#### TASK DESCRIPTION:
Could you retype the material, starting at its first line and ending with the line holding "Holiday makers and", and keep the pictures out?

#### RECORDED DATA:
+===+
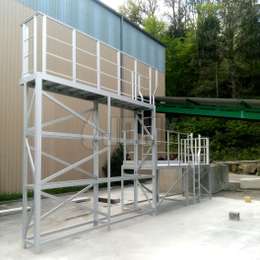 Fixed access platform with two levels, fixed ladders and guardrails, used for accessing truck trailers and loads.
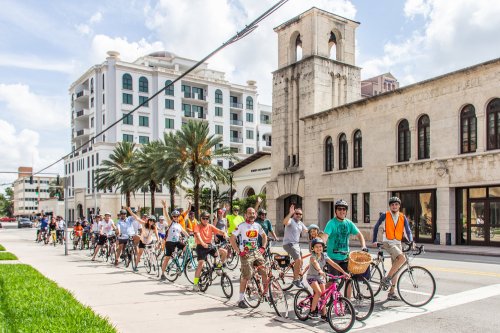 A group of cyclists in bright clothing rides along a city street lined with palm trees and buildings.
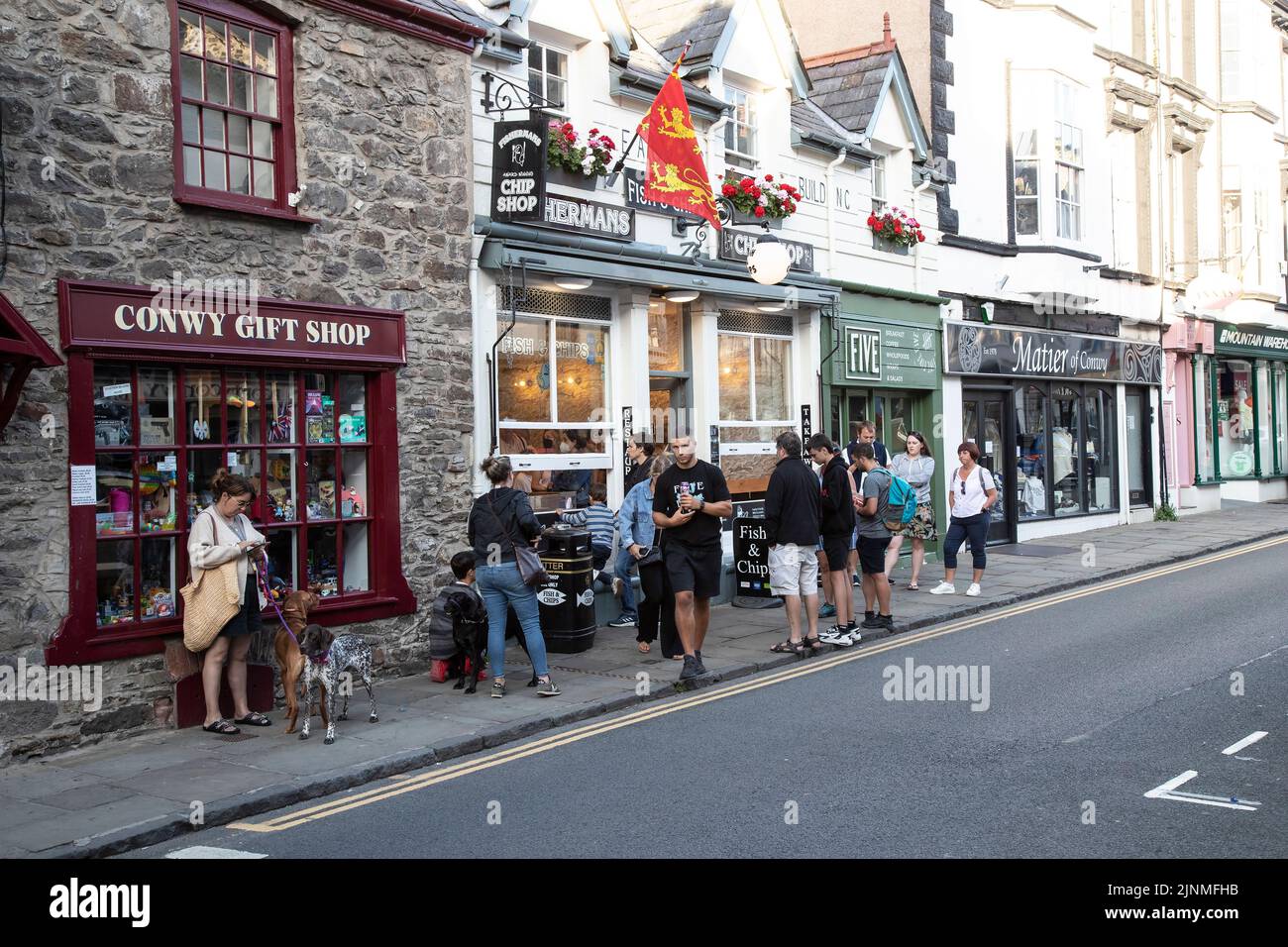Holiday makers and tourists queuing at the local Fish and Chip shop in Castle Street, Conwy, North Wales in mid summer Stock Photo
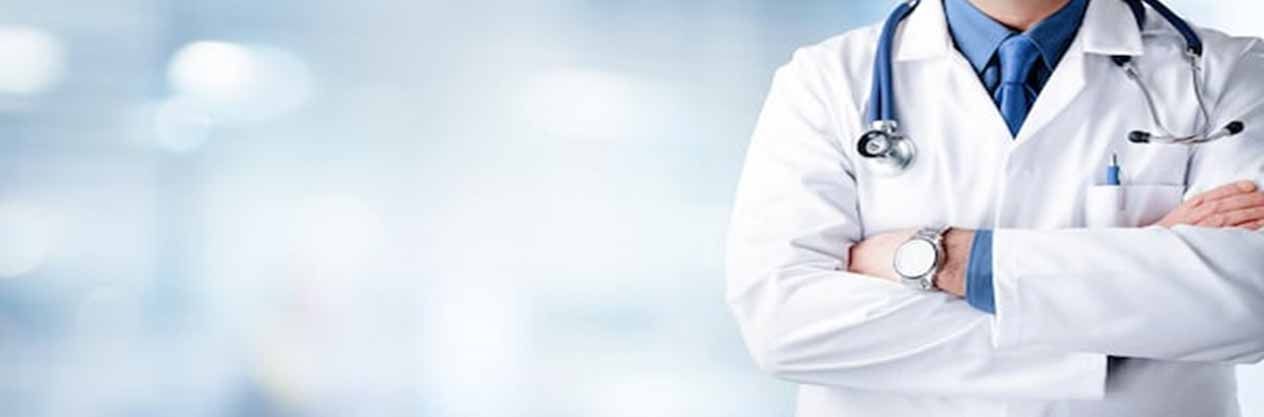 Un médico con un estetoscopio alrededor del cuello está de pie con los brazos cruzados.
+===+
#### REPLY TO THE TASK:
 Fixed access platform with two levels, fixed ladders and guardrails, used for accessing truck trailers and loads.
 A group of cyclists in bright clothing rides along a city street lined with palm trees and buildings.
Holiday makers and tourists queuing at the local Fish and Chip shop in Castle Street, Conwy, North Wales in mid summer Stock Photo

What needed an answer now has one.